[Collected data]
_ _ _
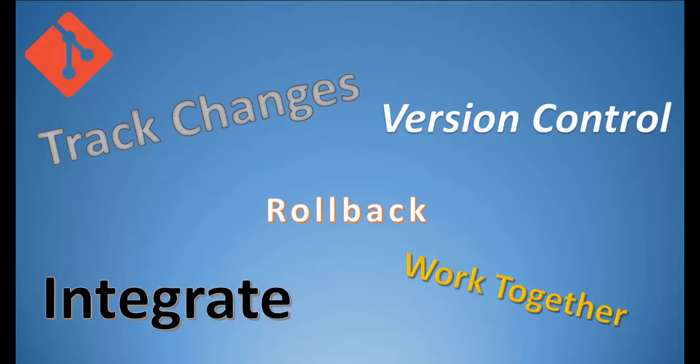Perhaps the best way to understand the importance of version control is to show what life would be like without version control.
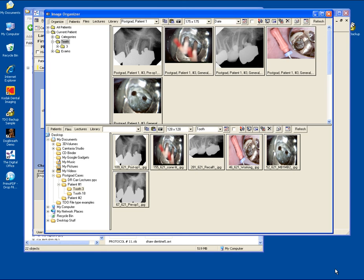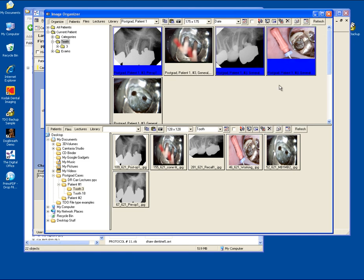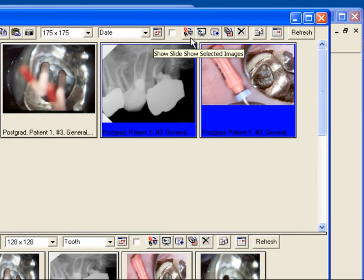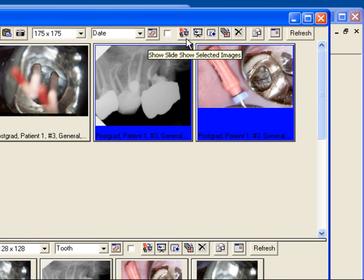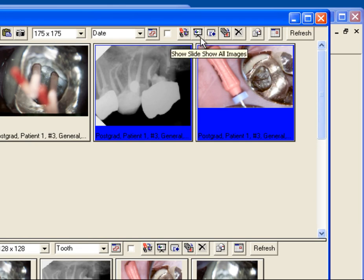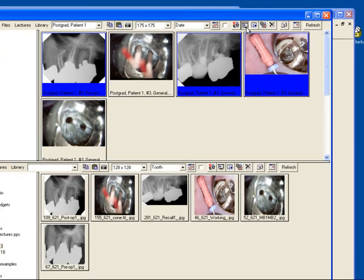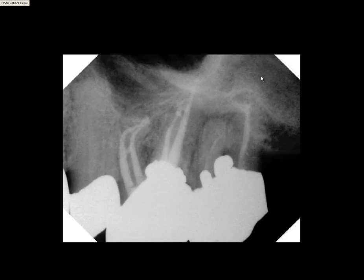Now, to do a presentation, you can select individual images you want to use for your slideshow, and then click the slideshow selected images, or you can automatically do all images in this patient's tooth. When I click the button, it brings up my first image.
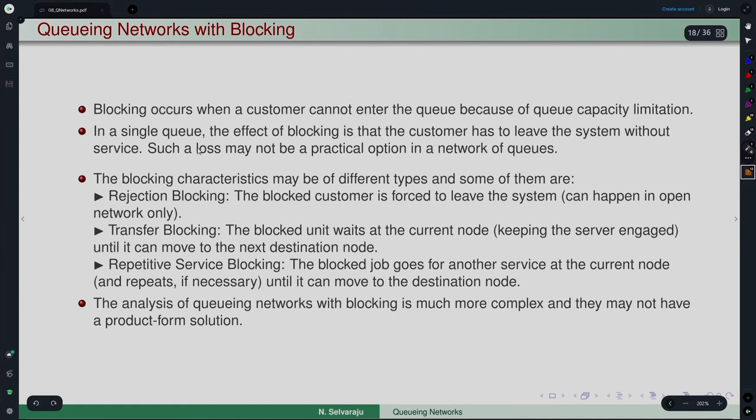In a single queue, customers arriving when the system is full are lost to the system — rejection blocking. But in a network scenario, loss between nodes may not be realistic in many situations, and keeping only that as an option is not practical for networks of queues.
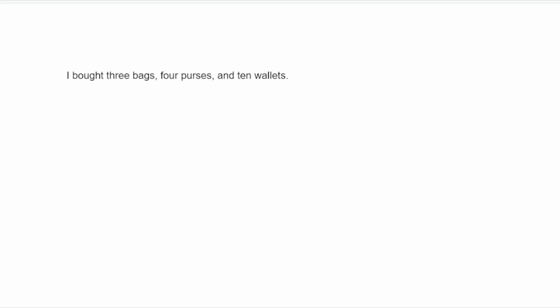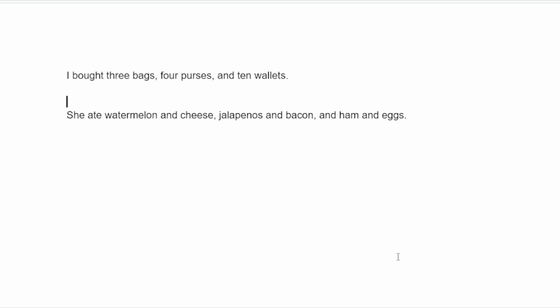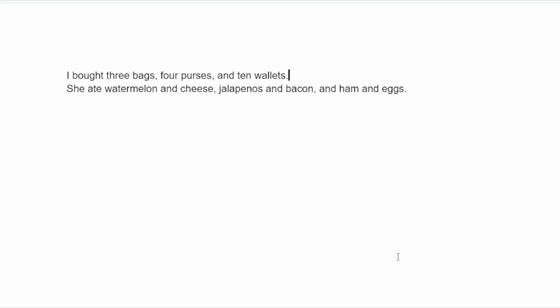I don't think people eat jalapenos and bacon together, but whatever. She ate watermelon and cheese, jalapenos and bacon, and ham and eggs. In this case, I feel like if you remove the Oxford comma...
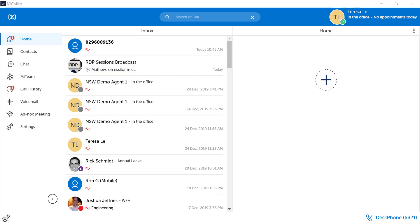The Mycolab client will have notifications to indicate you have missed a call. Notice the red icon indicating the number of calls missed. To access your call history, click on Call History from the menu panel.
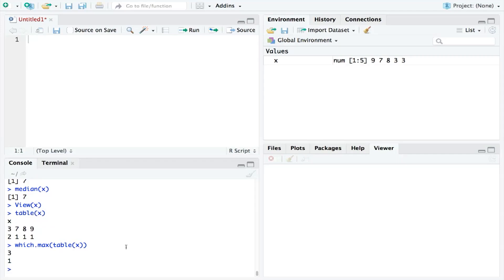This goes to show that sometimes, in RStudio, there is a pre-built function that does exactly what you need. But sometimes, you have to think outside the box, and do a little bit of a workaround. Hope this helps. I'll see you in the next one.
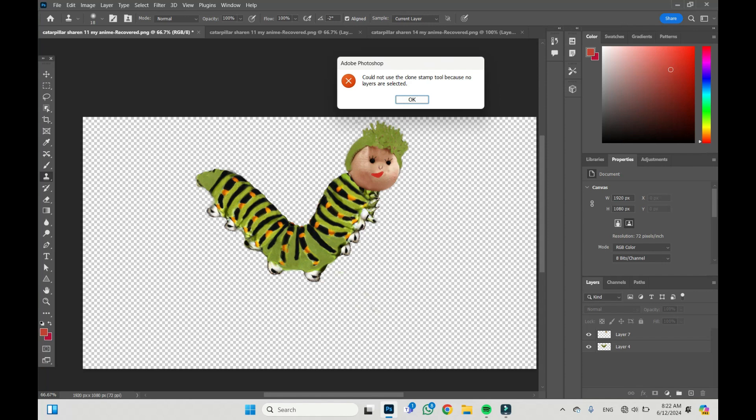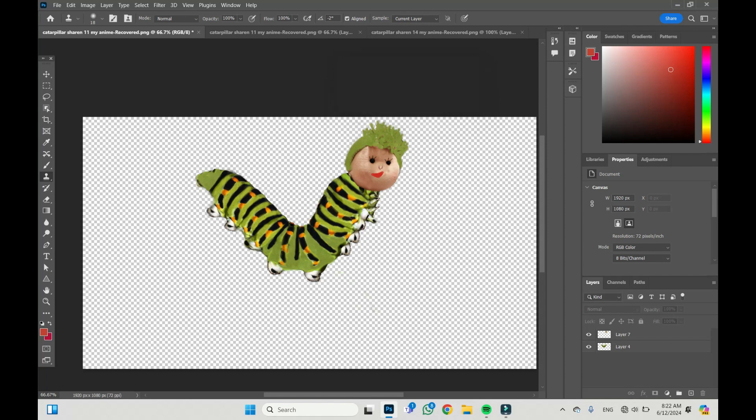Yes, I'm working with layers. Let's press OK. So, it could be because I'm on a wrong layer, but in this case, I just didn't choose any layer.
_ _ _
_Exercise aim_.
Now reproduce all of the entries precisely, with no pictures in the copy.

_Result of this task_.
Perhaps the best way to understand the importance of version control is to show what life would be like without version control.
Now, to do a presentation, you can select individual images you want to use for your slideshow, and then click the slideshow selected images, or you can automatically do all images in this patient's tooth. When I click the button, it brings up my first image.
In a single queue, customers arriving when the system is full are lost to the system — rejection blocking. But in a network scenario, loss between nodes may not be realistic in many situations, and keeping only that as an option is not practical for networks of queues.
I don't think people eat jalapenos and bacon together, but whatever. She ate watermelon and cheese, jalapenos and bacon, and ham and eggs. In this case, I feel like if you remove the Oxford comma...
The Mycolab client will have notifications to indicate you have missed a call. Notice the red icon indicating the number of calls missed. To access your call history, click on Call History from the menu panel.
This goes to show that sometimes, in RStudio, there is a pre-built function that does exactly what you need. But sometimes, you have to think outside the box, and do a little bit of a workaround. Hope this helps. I'll see you in the next one.
Yes, I'm working with layers. Let's press OK. So, it could be because I'm on a wrong layer, but in this case, I just didn't choose any layer.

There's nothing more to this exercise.